His latest presentation comprised these two swinging inn sign cocktail sticks (below) celebrating the Harbour Lights pub at North Harbour.

You must remember them from the 1960s and 70s – natty little plastic sticks with which you speared your lemon slice or cherry. They also doubled as useful toothpicks.

Simon, of Cross Street, Portsea, says: ‘The location of the inn is printed on the reverse of the swinging sign – Southampton Road, Paulsgrove, Cosham 76214 – luncheons and snacks, children’s garden, coaches welcome, a Brickwoods House.

‘They clipped on to the rim of the glass in a delightful manner and were made by Inn Signs of Leicester, probably in the 1960s.

Simon says his first donation was a framed picture of Clementine Churchill signed by her daughter Mary Soames.

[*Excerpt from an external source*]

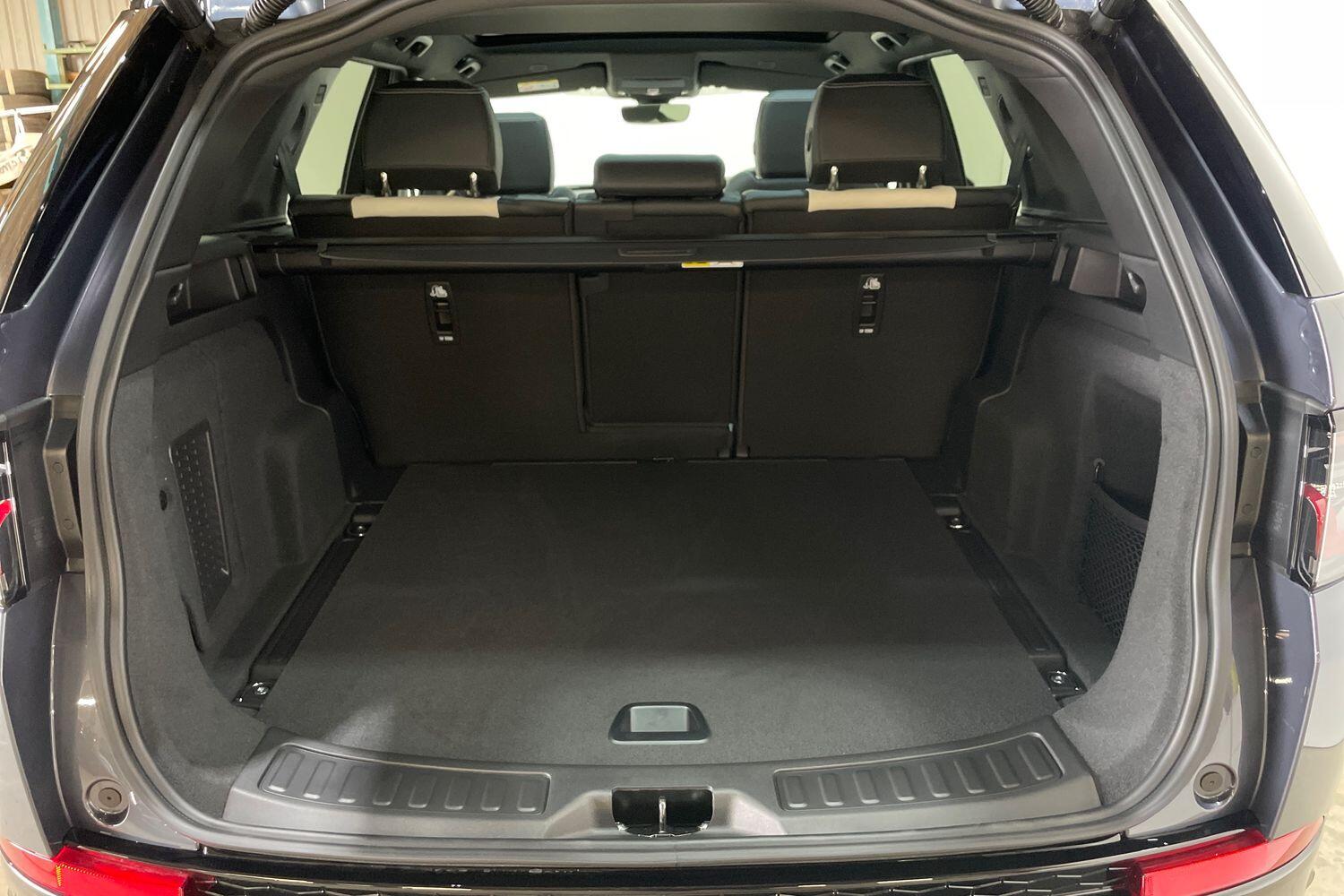 Land Rover Discovery Sport view 14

He gave it to The Churchillian on Portsdown Hill.

Then followed a brass ‘snug’ sign for the Hole in the Wall, Southsea, and a Royal Hampshire Regiment badge to The Fifth Hants Volunteer Arms.

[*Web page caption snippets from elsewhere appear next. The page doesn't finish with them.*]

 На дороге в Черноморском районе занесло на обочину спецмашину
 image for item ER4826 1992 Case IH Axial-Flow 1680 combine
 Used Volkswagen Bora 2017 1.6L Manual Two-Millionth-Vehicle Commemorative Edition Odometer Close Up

Simon adds: ‘Not all my donations have survived. I gave a framed page from The Illustrated London News from 1854 to the Sir Loin of Beef in Highland Road.

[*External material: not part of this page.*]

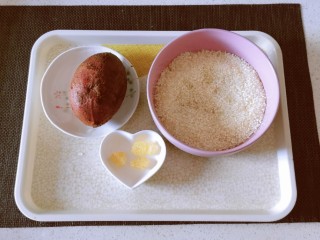 4、紫薯银耳粥,其它食材准备好:紫薯、粥米和冰糖。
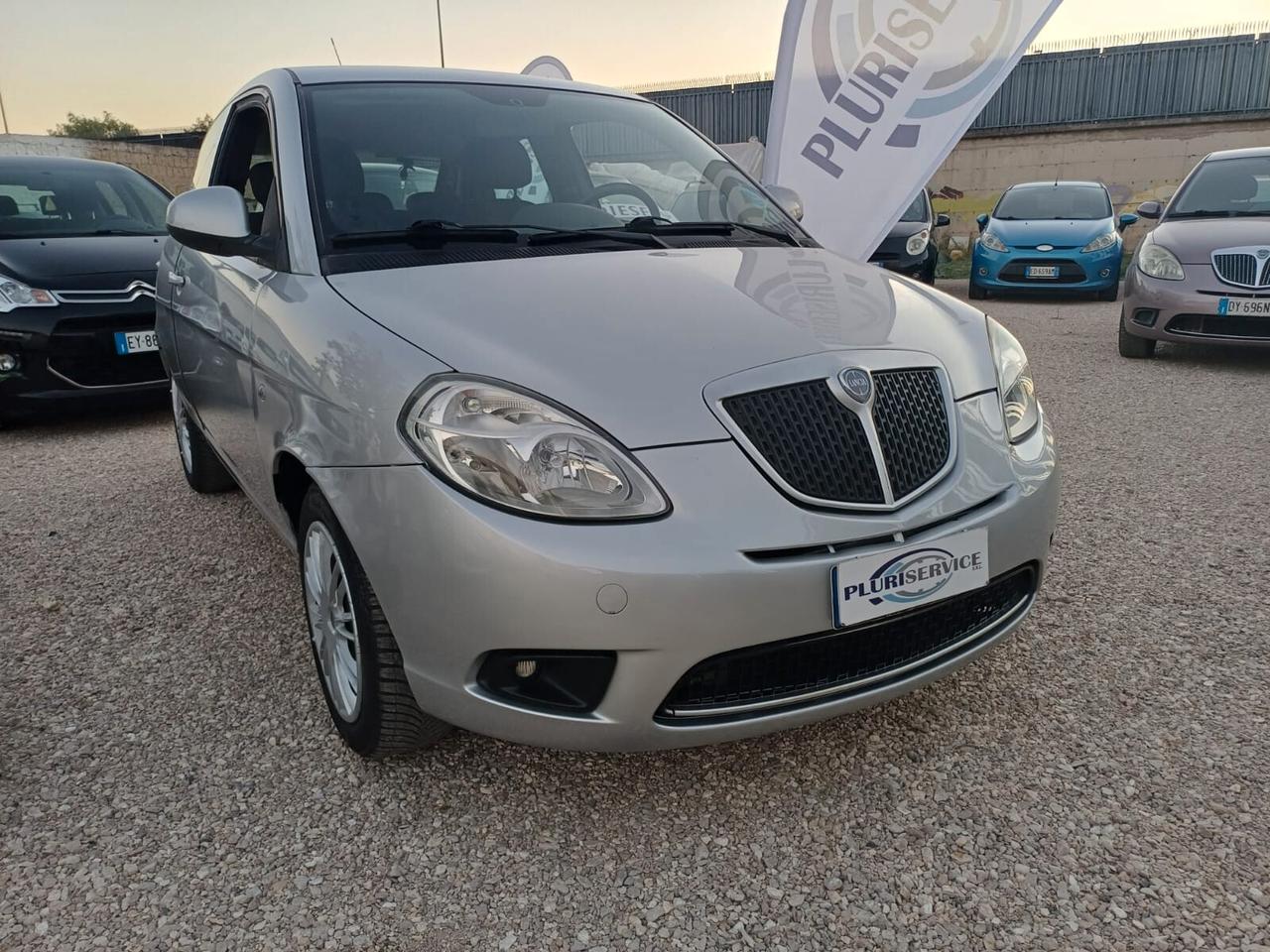Lancia Ypsilon 1.2 benzina UNICA - 2011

‘It was called Charles II Knighting the Loin of Beef by an artist called Gilbert.

‘I revisited the pub recently and was told it had been stolen.’

n Still on the pub theme, the picture on the right shows another Brickwoods hostelry, the old Crown Inn at the castle end of Castle Street, Portchester.

It’s one of the pictures at the annual week-long exhibition by Portchester Civic Society which opens tomorrow in the foyer of the West Street library at 10am.

It was taken in 1905 during the French fleet’s entente cordiale visit to Portsmouth to mark the 100th anniversary of the Battle of Trafalgar.

The French matelot at the front door of the pub gives the game away.